People have complained that this DVD is pan and scan. While it is full frame, it's not actually pan and scan. The film was originally photographed in a way that captured a full frame image, but was intended to be shown in a 1.85:1 aspect ratio with the aid of a matte. As such, the film was composed for this aspect ratio. What they did for this DVD is transfer the entire image, exposing parts of the frame that was never meant to be shown. As a result, you have massive headroom in some shots, much more than originally intended, and the added open space ruins the tight compositions that were intended for each shot.

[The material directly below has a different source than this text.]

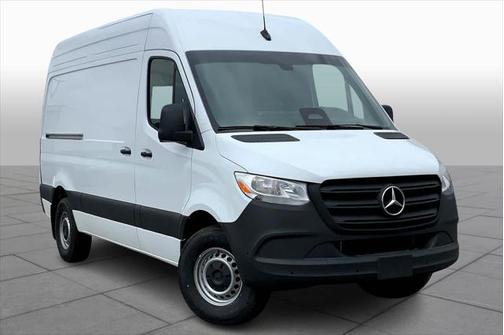 2025 Mercedes-Benz Sprinter 2500 Standard Roof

Of course, there are people out there who could care less and just want to fill their TV screens. However, if you really want to see the film in an appropriate setting, seek out the import version of this DVD at amazon.co.uk, which has been matted to the appropriate 1.85:1 aspect ratio.
on January 16, 2002
Best trial-movie ever made--perfect of its kind. Set the standard for the thousands of pale imitators (including TV shows like *Law and Order*) that have followed it. What remains fascinating about this 1959 movie, what keeps it from being dated, is its utter ambivalence towards ALL the characters, perhaps especially the ostensible "heroes": we have James Stewart as a small-town lawyer who'd just as soon listen to his jazz records as continue his law career . . . we have Arthur O'Connell as his drunken mentor who gets in car crashes . . . we have Eve Arden whose one (and apparently only) concern is the status of her next paycheck. And then there's Ben Gazarra and Lee Remick as one of the most unlikeable married couples ever put on screen. (A good title for this movie could've been: "When Bad Things Happen to Bad People".) Perhaps the only person one roots for is the judge, played by real-life judge Joseph Welch who stood up to Joe McCarthy in the Army Hearings fracas. Incidentally, I don't think rape has ever been so dispassionately presented in movies or TV as here. Nary a tear is shed. Odd. Finally, we can also enjoy James Stewart in one of his very best performances (this was his favorite film, along with *It's a Wonderful Life*). As for the DVD, Columbia did nothing particularly special, but they didn't screw it up, either. Ellington's jazz score has been remastered to very nice effect. Picture is crisp (standard ratio). Highest recommendation.